The receiving the at least one selected parameter comprises receiving at least one parameter of an external cable. The at least one parameter includes at least one of a standard configuration and a modified configuration.

The interface type comprises a sealed rectangular mechanism.

The receiving the at least one selected parameter comprises receiving at least one parameter of a rectangular interface.

The at least one parameter of the rectangular interface includes a parameter of a Universal Serial Bus (USB) interface.

The at least one parameter of the rectangular interface includes a parameter of an Ethernet interface.

The at least one parameter of the rectangular interface includes a parameter of a pin/socket interface.

The receiving the at least one selected parameter comprises receiving at least one parameter of a first cable termination, wherein the at least one parameter includes a cable termination type and an interface type.

The receiving the at least one selected parameter comprises receiving at least one parameter of a second cable termination, wherein the at least one parameter includes a cable termination type and an interface type.

The receiving the at least one selected parameter comprises receiving at least one parameter of an external cable.

The at least one parameter includes at least one of a standard configuration and a modified configuration.

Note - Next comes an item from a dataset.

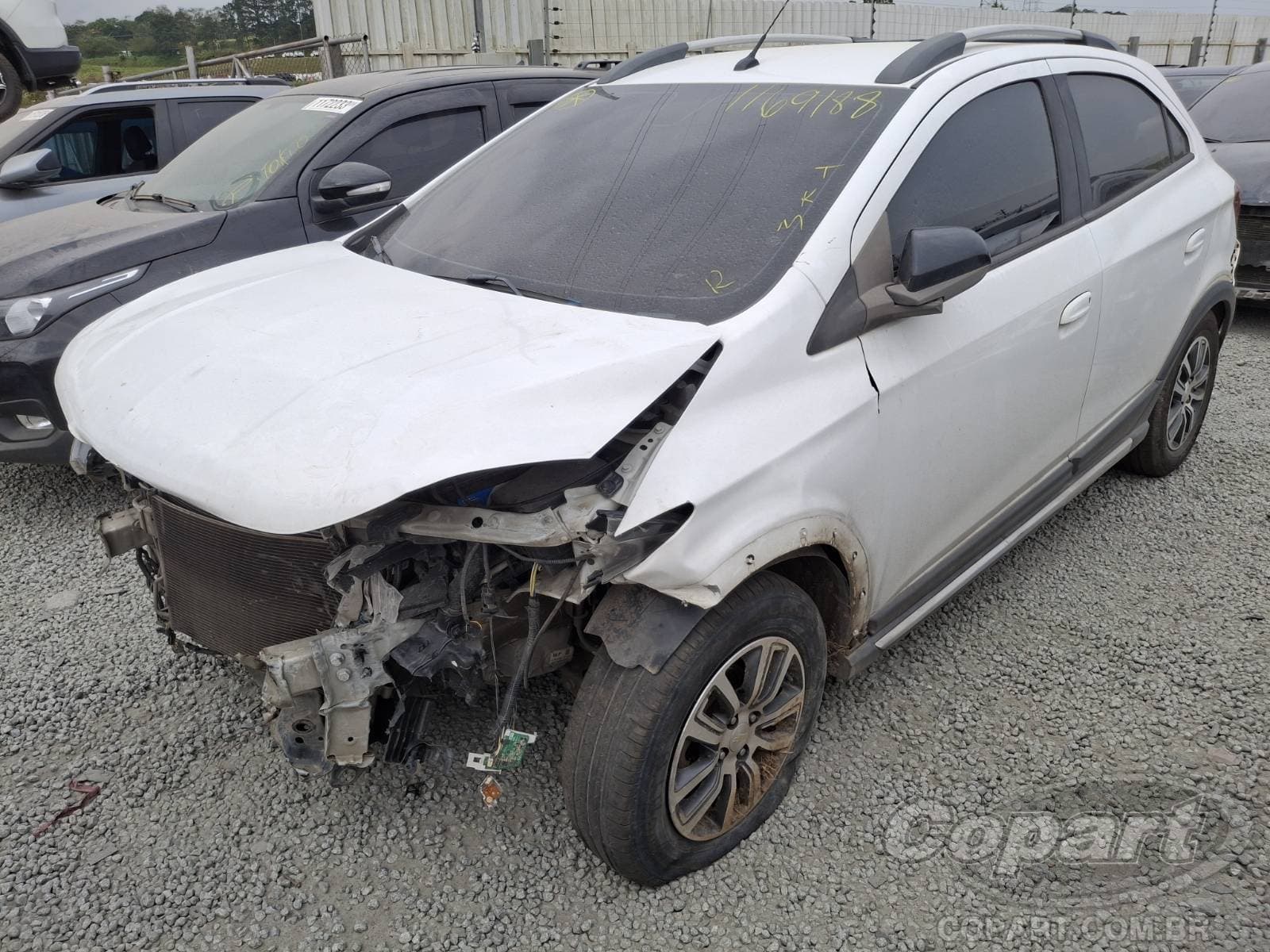 Chevrolet Onix 2018 — foto 2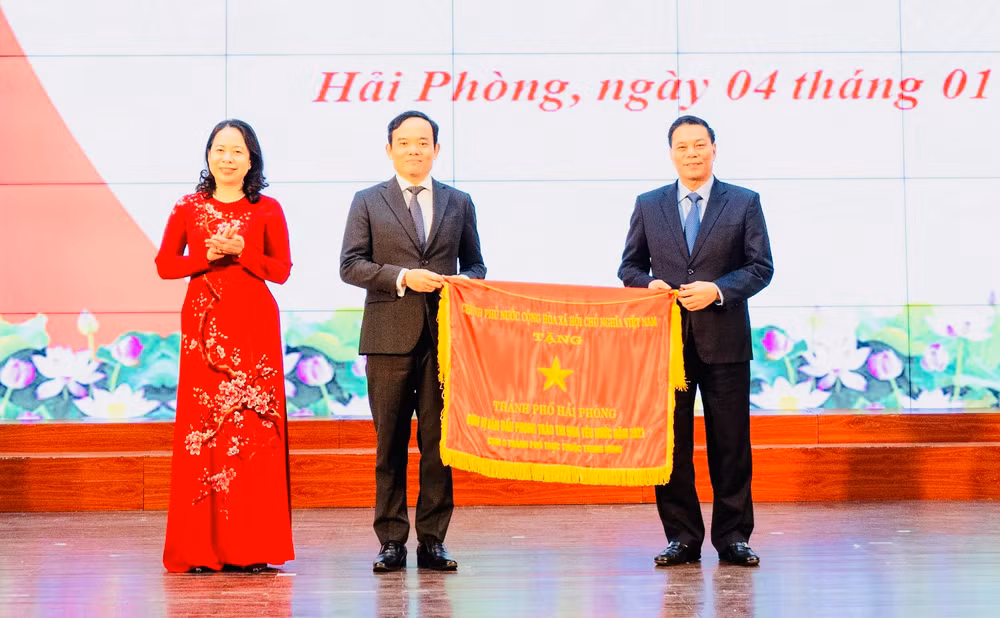 Phó Chủ tịch nước Võ Thị Ánh Xuân, Phó Chủ tịch Hội đồng Thi đua Khen thưởng Trung ương trao cờ Đơn vị dẫn đầu phong trào thi đua yêu nước năm 2021 tặng thành phố Hải Phòng.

The revising comprises adding parameters to the set of parameters.

The revising comprises narrowing contents of the set of parameters.

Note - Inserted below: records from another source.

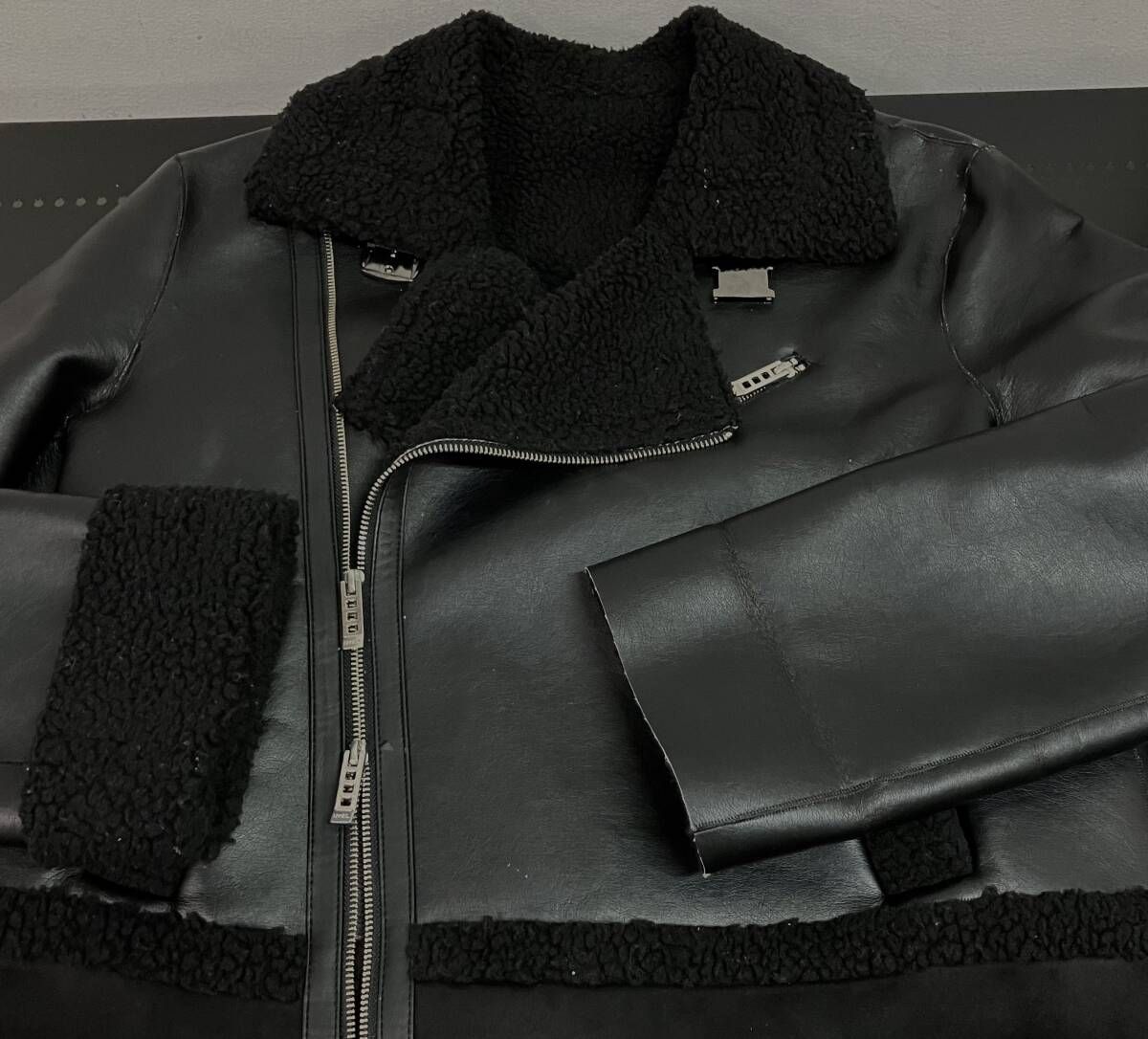 UN3D. アンスリード エコムートンライダースコート ボア ブラック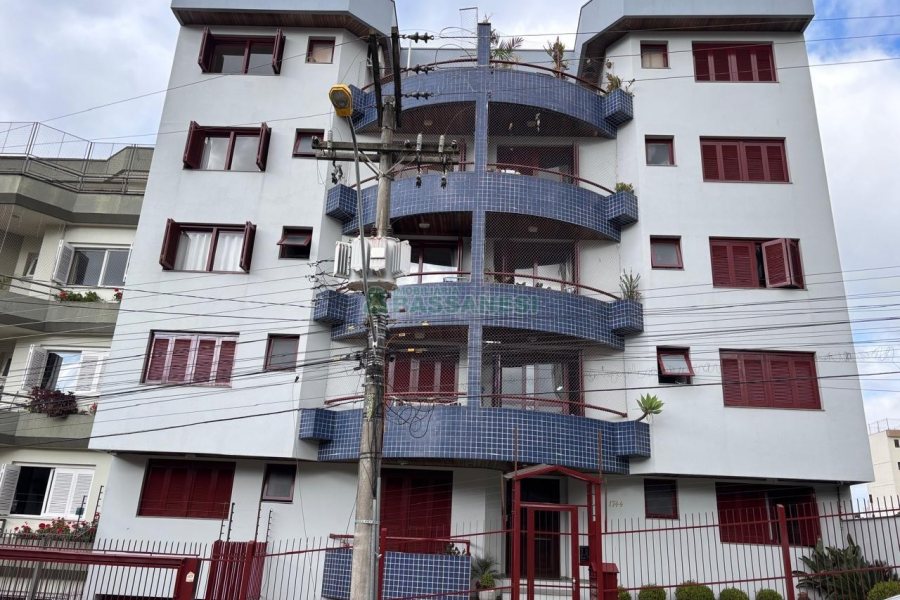 Apartamento com 145m², 3 dormitórios, 2 vagas, no bairro Panazzolo em Caxias do Sul para Alugar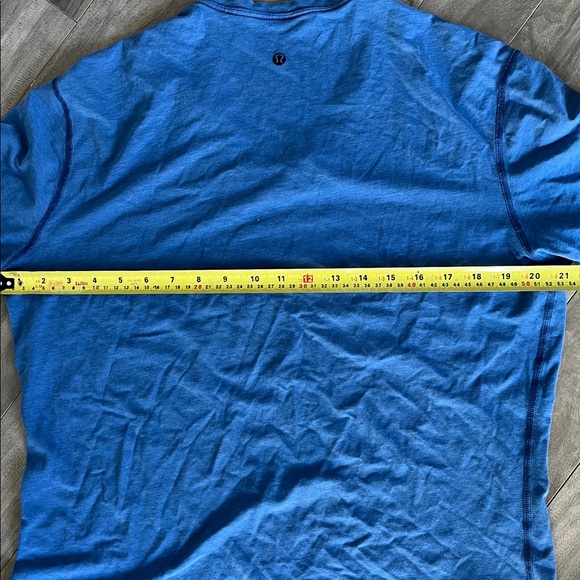 Lululemon Mens Basic V Neck Tshirt - Picture 6 of 6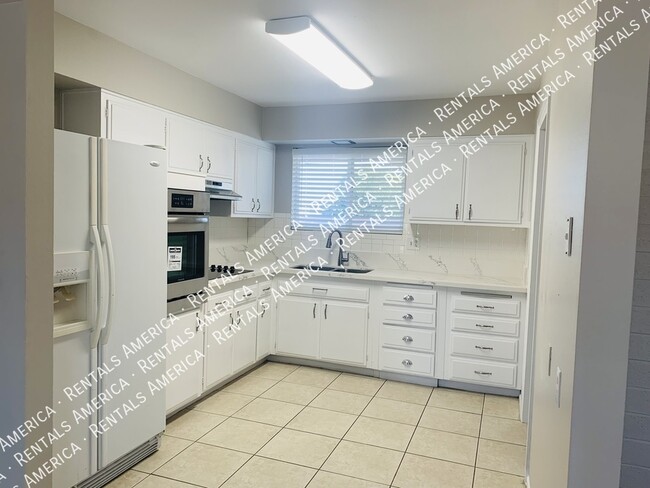Building Photo - 11433 N Hagen Dr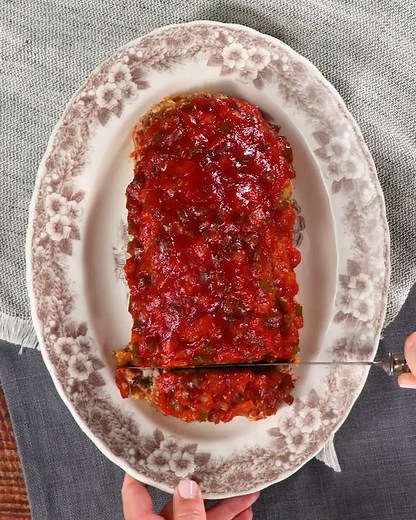 863K views · 340 reactions | We originally published this dinnertime classic in 2006, and it has been a fan favorite ever since Get the recipe: https://trib.al/JPyY0MT | Southern Living | Facebook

The product includes at least one component.

The product is an assembly that includes a plurality of components, wherein each component of the plurality of components is a product.

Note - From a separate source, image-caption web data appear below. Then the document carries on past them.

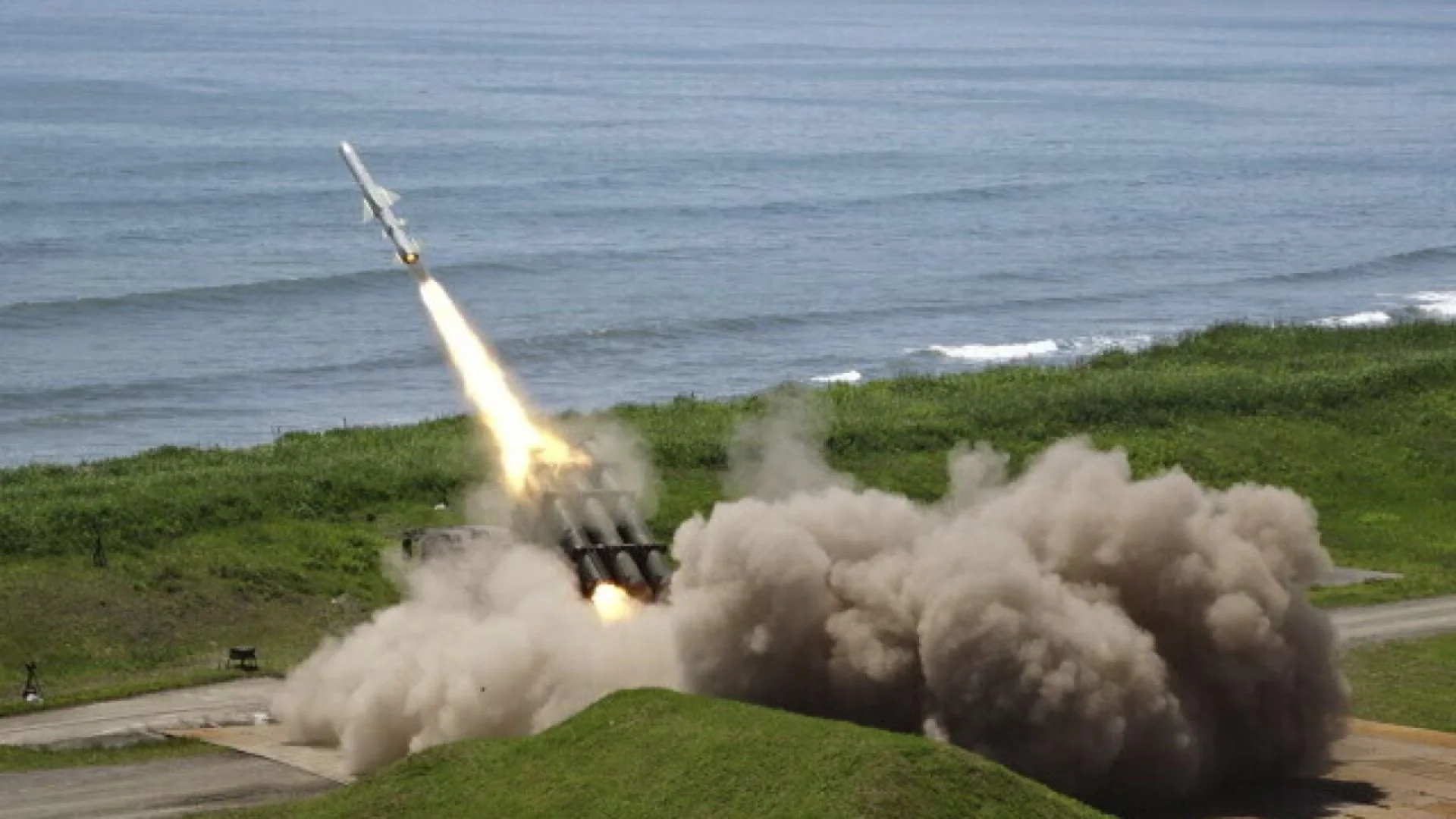 Japan Conducts First-Ever Domestic Missile Test Amid Rising China-Russia Tensions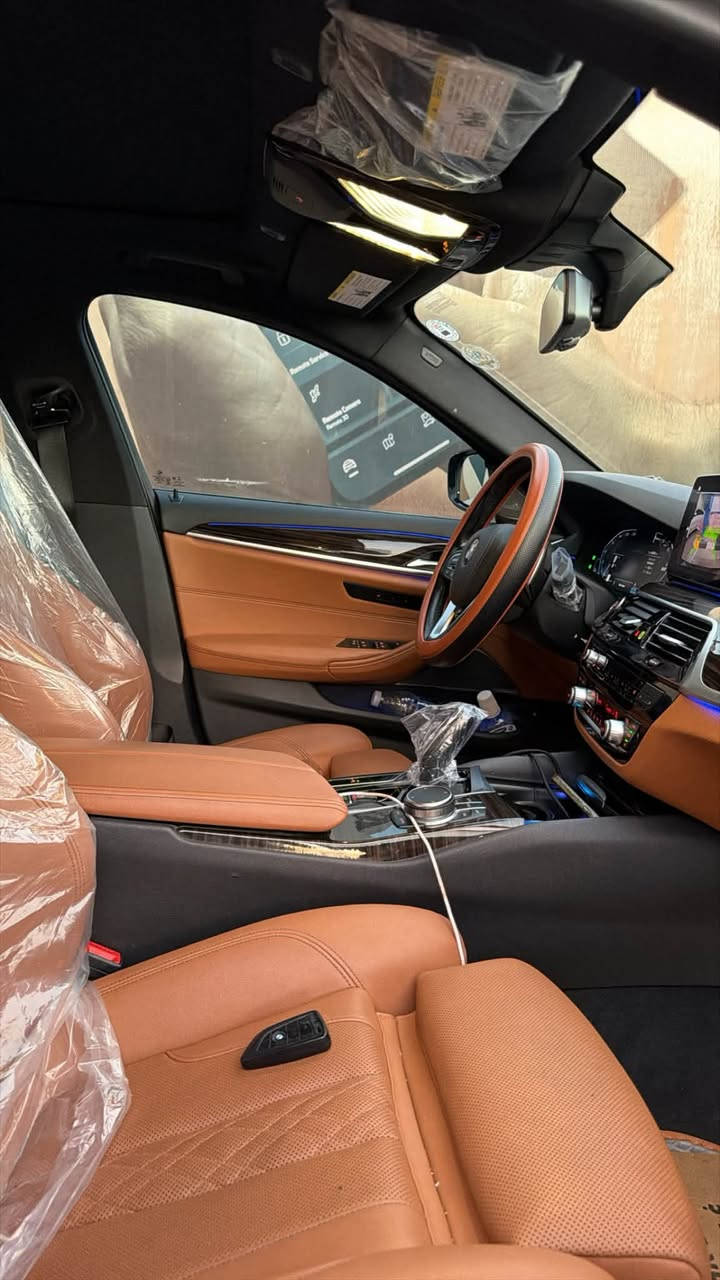 السلام عليكم 
BMW 530i  Xdrive
جام اسود 

ماشية 66 كيلو متر 

داخل مشمشي بلادي 

حادث جاملغ وربع بونيد  صور الحادث ويه المنشور 

ايرباك ستيرن وبرده 

رقم سنويه كلشي جديد 

مكان السياره اربيل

The presenting comprises presenting technical information corresponding to the product, wherein the technical information comprises at least one of technical data and links to the technical data. The technical information includes at least one of a graphic image of the product and a specification drawing of the product.

The technical information includes technical specifications of the product.

The links include links to one or more of engineering drawings, footprint specifications, three-dimensional models, electrical models and technical reports corresponding to the product.

The links include a technical specifications link, wherein the technical specifications link provides click through access to a comprehensive set of technical information for a series of products corresponding to the product.

The links include links for requesting at least one of a physical sample of the product and pricing information of the product.

The technical information includes a link for initiating contact with technical support.

The method comprises presenting via the UI a simulation control that controls access to at least one of a simulator and simulation data resulting from execution of a real-time simulation of operation of the product.

The method comprises presenting the simulation data in response to activation of the simulation control.

The method comprises launching the simulator in response to selection of the simulation control, wherein the launching comprises running the simulator using product data of the product.

The launching comprises presenting a simulator UI and presenting a set of simulation parameters via the UI, comprising receiving via the simulator UI at least one simulation parameter of the set of simulation parameters and controlling the simulation in response to the at least one simulation parameter.

The simulation data comprises electrical data resulting from simulated operation of the product, wherein the electrical data comprises at least one of raw data, data plots, crosstalk plots, insertion loss plots, and eye diagram plots. The method comprises generating in real-time and presenting a model of the product via the UI, wherein the model is a three-dimensional model.

The method comprises receiving via the UI a selection of a modeling application of a plurality of modeling applications. The method comprises generating the model using the selected modeling application.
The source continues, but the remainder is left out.